__DESCRIPTION OF THE TASK__. In the answer, each line must appear exactly as in the records, and no picture may appear.

__Crawled caption data__.
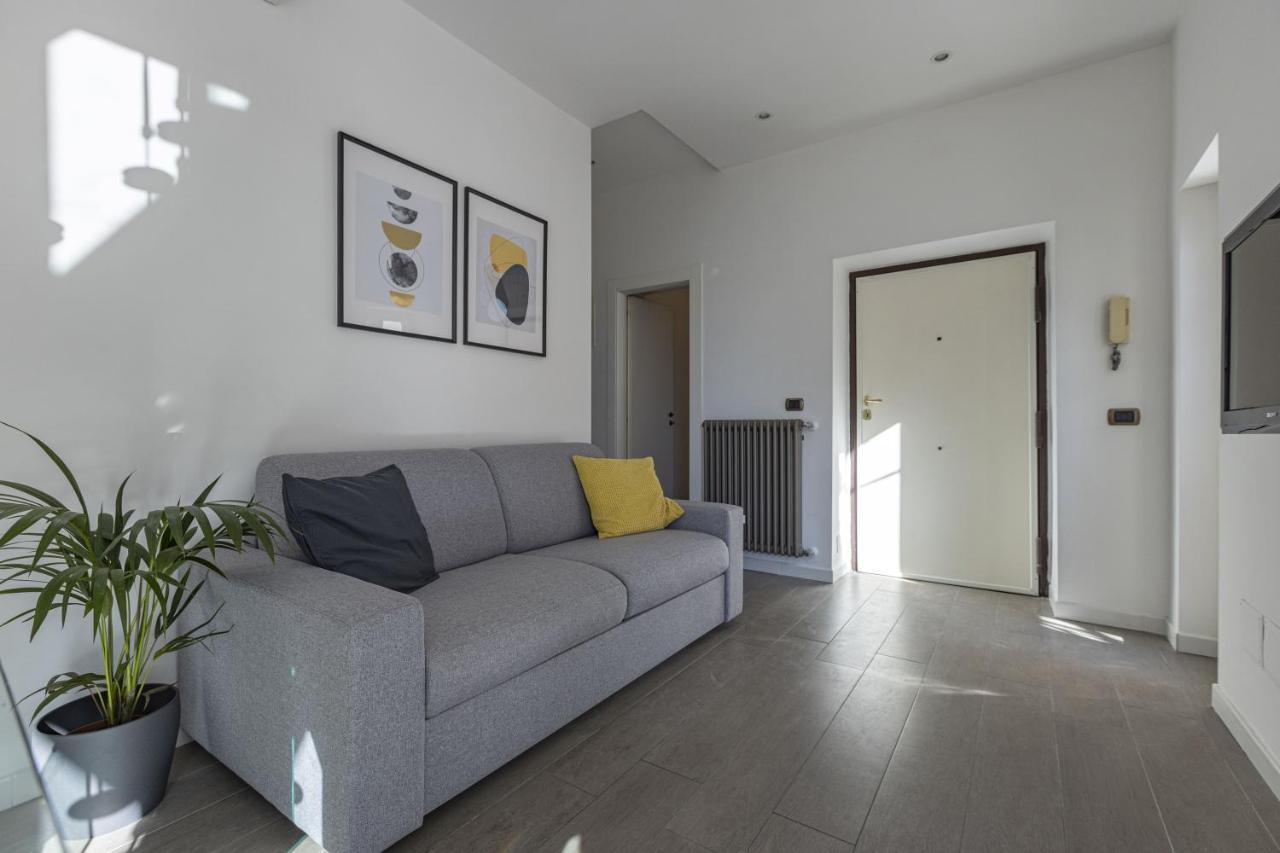 La Casa Dei Miei - Apt Con Terrazzo In Centro Naples Exterior photo
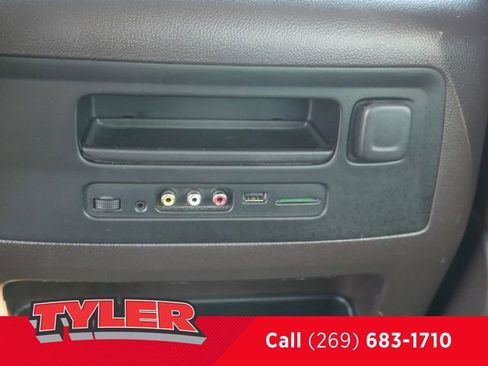 Used 2014 Chevrolet Silverado 1500 High Country image 47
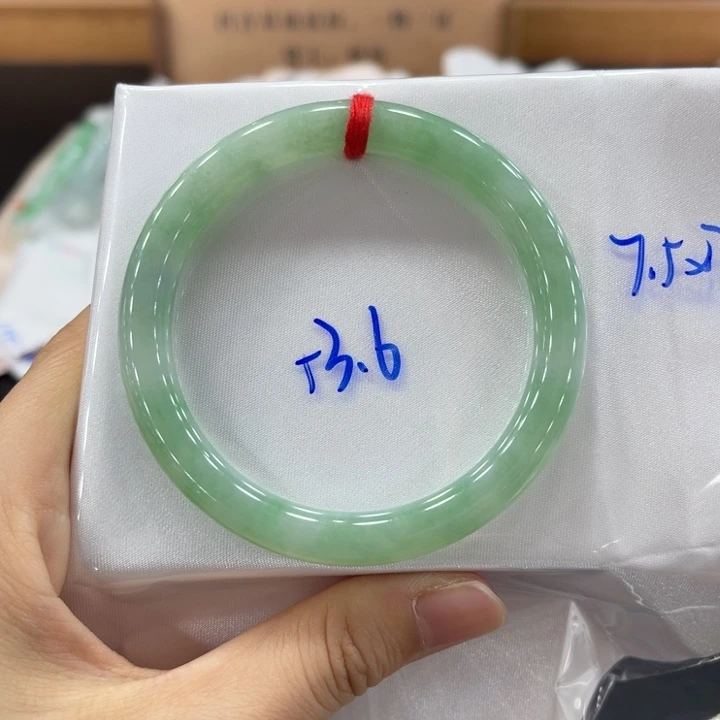 翡翠手镯未镶嵌翡翠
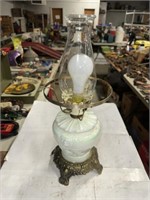 WHITE MOTHER OF PEARL ELECTRIC TABLE LAMP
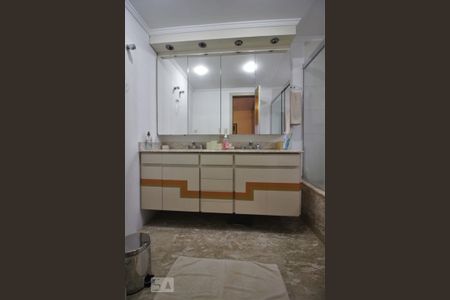 Apartamento à venda com 206m², 4 quartos e 4 vagasBanheiro da suíte 3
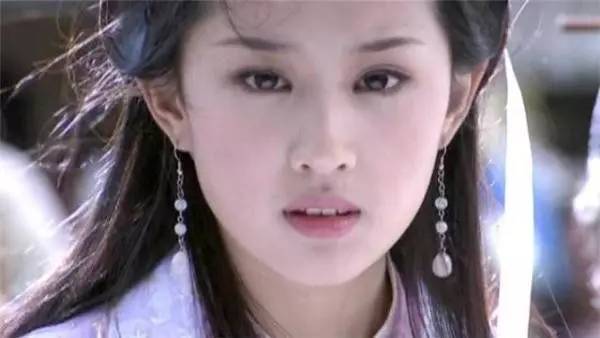 没有锥子脸 好怀念曾经那个纯天然的美人时代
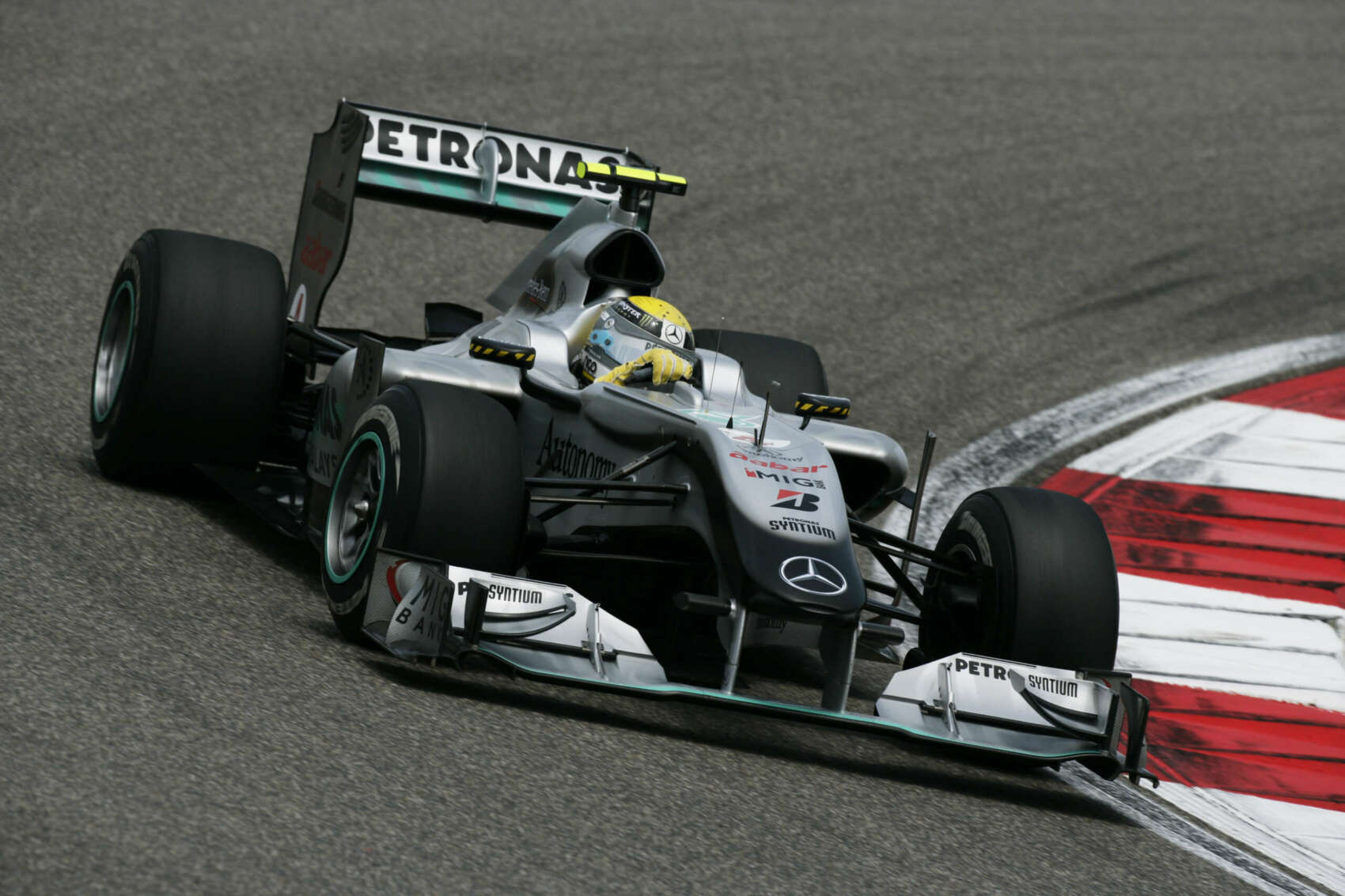 Nem volt jó a kapcsolat Rosberg és versenymérnöke között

__ANSWER TO THIS EXERCISE__.
 La Casa Dei Miei - Apt Con Terrazzo In Centro Naples Exterior photo
 Used 2014 Chevrolet Silverado 1500 High Country image 47
 翡翠手镯未镶嵌翡翠
 WHITE MOTHER OF PEARL ELECTRIC TABLE LAMP
 Apartamento à venda com 206m², 4 quartos e 4 vagasBanheiro da suíte 3
 没有锥子脸 好怀念曾经那个纯天然的美人时代
 Nem volt jó a kapcsolat Rosberg és versenymérnöke között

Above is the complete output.